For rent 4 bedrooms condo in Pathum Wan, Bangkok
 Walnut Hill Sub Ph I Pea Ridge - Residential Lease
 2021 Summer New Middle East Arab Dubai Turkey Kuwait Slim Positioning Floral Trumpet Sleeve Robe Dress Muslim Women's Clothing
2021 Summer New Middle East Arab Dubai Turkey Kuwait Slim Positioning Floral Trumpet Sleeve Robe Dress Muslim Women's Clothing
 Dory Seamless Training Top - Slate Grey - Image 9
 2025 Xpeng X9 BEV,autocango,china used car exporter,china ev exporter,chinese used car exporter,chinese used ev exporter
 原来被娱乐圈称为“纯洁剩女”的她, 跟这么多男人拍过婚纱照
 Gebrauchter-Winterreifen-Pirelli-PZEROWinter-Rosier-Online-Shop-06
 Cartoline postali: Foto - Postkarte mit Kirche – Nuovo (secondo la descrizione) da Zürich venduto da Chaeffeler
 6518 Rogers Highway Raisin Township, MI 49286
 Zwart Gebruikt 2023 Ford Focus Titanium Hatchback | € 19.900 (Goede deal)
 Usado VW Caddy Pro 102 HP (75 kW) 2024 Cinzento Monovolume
****************************************
Copy exactly, and only, the lines from the line containing "Zwart Gebruikt 2023" to the end of the listing, with both ends included.

 Zwart Gebruikt 2023 Ford Focus Titanium Hatchback | € 19.900 (Goede deal)
 Usado VW Caddy Pro 102 HP (75 kW) 2024 Cinzento Monovolume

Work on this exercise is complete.